__Your instructions__
From the first line to the last, restate the material word for word; pictures stay out.

__Stored data__
==*==

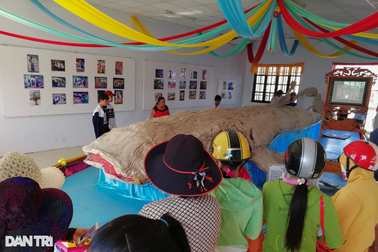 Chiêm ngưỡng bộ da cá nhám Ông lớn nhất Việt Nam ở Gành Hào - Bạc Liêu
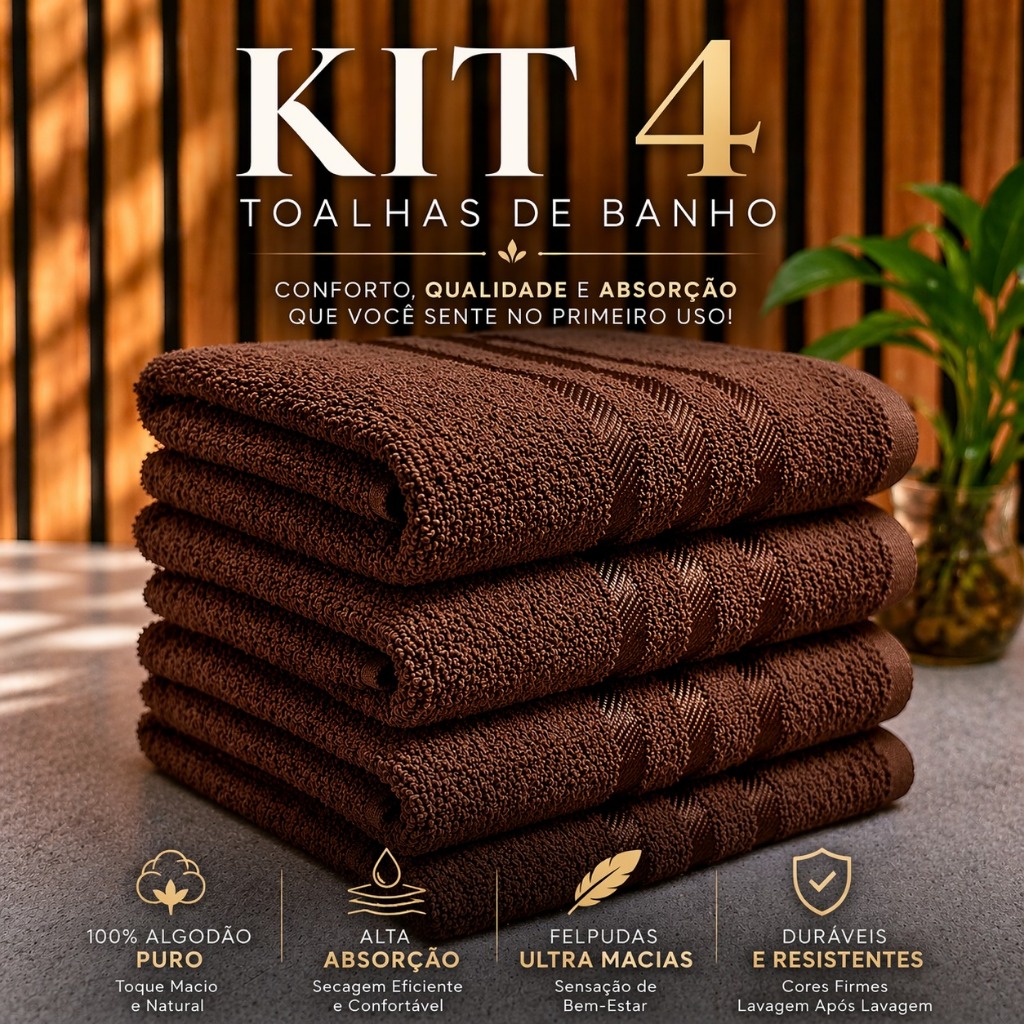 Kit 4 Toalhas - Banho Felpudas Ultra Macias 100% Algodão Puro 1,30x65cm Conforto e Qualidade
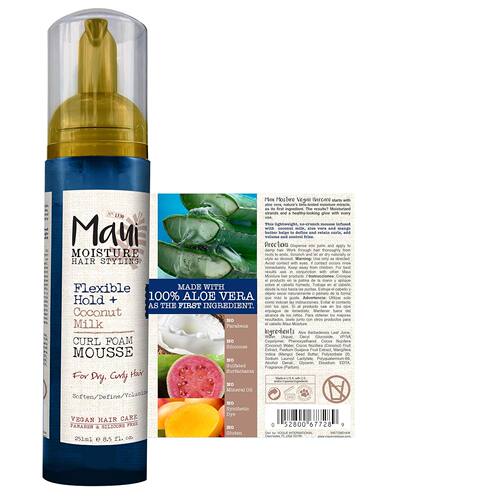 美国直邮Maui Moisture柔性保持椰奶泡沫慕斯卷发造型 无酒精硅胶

==*==

__Task result__
 Chiêm ngưỡng bộ da cá nhám Ông lớn nhất Việt Nam ở Gành Hào - Bạc Liêu
 Kit 4 Toalhas - Banho Felpudas Ultra Macias 100% Algodão Puro 1,30x65cm Conforto e Qualidade
 美国直邮Maui Moisture柔性保持椰奶泡沫慕斯卷发造型 无酒精硅胶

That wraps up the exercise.